The extent of the repetition is clear; every single sentence contains formulae and phrases found elsewhere in Wulfstan's sermons.33 Much that remains unparalleled has the stamp of Wulfstan still. I cannot find the exact combination rihtlice & wærlice [1] anywhere else in Wulfstan's sermon-corpus, but it is strongly reminiscent of Wulfstan's fondness for other such doublets, and the phrase Antecrist genamod [2] has the same ring; it was shown above that Wulfstan twice altered Ælfric's gehatene to genamod, and one might invoke further parallel phrases found elsewhere.34 As for the phrase swæslice swicole [6], which cannot be paralleled in exactly that form, one might refer back to the list of rhyming and alliterative doublets found in (a), (b) and (c) on pp. 248-9, where the phrase swicole & swæslice ficole (5, line 22) is found. It is hard to parallel Wulfstan's tendency to recycle his phraseology to such an extent in the works of any other Old English prose authors; such formulaic repetition, characteristic of much of the vernacular verse, has long been thought a mark of an oral and traditional style.35

It is important to stress, however, that this formulaic repetition mostly concerns phrases of five words or less, and predominantly in the short two and three-stress phrases of limited syntactical form that McIntosh demonstrated to be the basis of the characteristic rhythm of Wulfstan's prose.36 Indeed subsequent analyses by such scholars as Hollowell, Sheets and Kubouchi have served to underline the great amount of syntactical and rhythmical repetition to be found in Wulfstan's phrase and sentence-structure.37 It is crucial to recognize that in longer strings of words and phrases Wulfstan appears to take great care to vary the form of his words, occasionally introducing or removing still further formulae. We can see this by considering some of the larger thematic parallels to this short sermon, which can be laid out as follows:

[1] Leofan menn, understandað swyðe georne þæt ge æfre habban rihtne geleafan on ænne ælmihtigne God.

(7, line 26)

[8] And þæt is gesyne, þy is ðeos woruld fram dæge to dæge wyrse & wyrse.

(4, line 78)

Antecristes tima is wel gehende, & ðy hit is on worulde a swa leng swa wacre.

(5, line 46)

[12] Ac utan warnian us georne & gearnian to Gode þæt he us gescylde swa his willa sy.

(4, line 86)

Þonne age we mycle þearfe þæt we God ælmihtigne georne biddan þæt he us gescylde wið þæne egesan & us gestrangie swa his willa sy.

(4, line 68)

[14] Dær is ece blis & æfre byð in ealra worulda woruld a butan ende, amen.

(5, line 119)

From the examples given it will be clear that Wulfstan has not adopted any of these parallels wholesale, but has combined and adapted phrases from a number of sources in his reworking of these formulae. Indeed in the whole of the sermon “De Anticristo,” only sentence [14] can be matched elsewhere verbatim. Once again it appears that Wulfstan is more concerned with varying his own formulaic phrasing within a large fixed framework than with simply repeating large sections of his work unchanged. This willingness to make continuous alterations within what appears to be an oral tradition surely suggests that such a tradition was still vigorous in eleventh-century England. Further evidence to support such a suggestion is offered below.

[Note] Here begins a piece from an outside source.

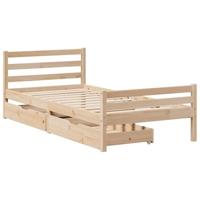Bedframe zonder matras massief grenenhout 90x200 cm - thumbnail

It was noted earlier that Wulfstan tends to begin and end his sermons in set ways, and it is interesting to see the way in which Wulfstan varies these formulaic passages in particular; parallel endings from eight other sermons can be compared with that seen here in “Serm. 1b,” as follows:

Him sy lof & wuldor aa butan ende, amen.

(2, line 72)

Him symle sy lof & wuldor in ealra worulda woruld a butan ende, amen.

(3, line 79)

þonne geearnige we us ece blisse æt ðam sylfum Gode þe leofað & rixað a butan ende, amen.

(6, line 216)

þe geearnian wile ece myrhðe æt ðam soðan Gode, þe leofað & rixað in ealra worulda woruld a butan ende, amen.

(7, line 23)

þonne geearnige we þæt we habban motan ece lif on ðam toweardum life & ece blisse mid Gode sylfum a butan ende, amen.

(7, line 172)

A sy ecum Gode lof & wyrðmynt in ealra woruld æfre butan ende, amen.

(10c, line 202)

Him symle sy lof & weorðmynt in ealra worulda woruld a butan ende, amen.

(12, line 93)

he geearnað him sylfum witodlice dom þæne betstan æt þam þe on heofenum leofað & ricxað in ealra worolda worold a butan ende, amen.

(18, line 146)

Him simble sy lof & wuldor in ealra worulda woruld a butan ende, amen.

(20a, line 130)

In these cases also, it will be seen that only two sermons (3 and 20a) have exactly identical endings, but that in all the other cases Wulfstan has apparently deliberately varied his phraseology, by mixing and matching the formulae available in his verbal armoury. It might further be noted that, according to this list of parallels, “Serm. 7” (“De fide catholica”) has two separate ‘endings’, at lines 23 and 172. Moreover, immediately after the first of these endings is found a formulaic collection of phrases which matches closely the beginning of a number of other sermons; indeed I have cited this ‘beginning’ as a parallel to the opening of “Serm. 1b.” As printed by Bethurum, “Serm. 7” opens with yet a further formulaic opening, again paralleling the ‘beginning’ found at 7, line 26, and at the begining of 1b, and reading as follows:

Leofan men, doð swa eow mycel þearf is, understandað þæt ælc cristen man ah micle þearfe þæt he his cristendomes gescead wite, & þæt he cunne rihtne geleafan rihtlice understandan.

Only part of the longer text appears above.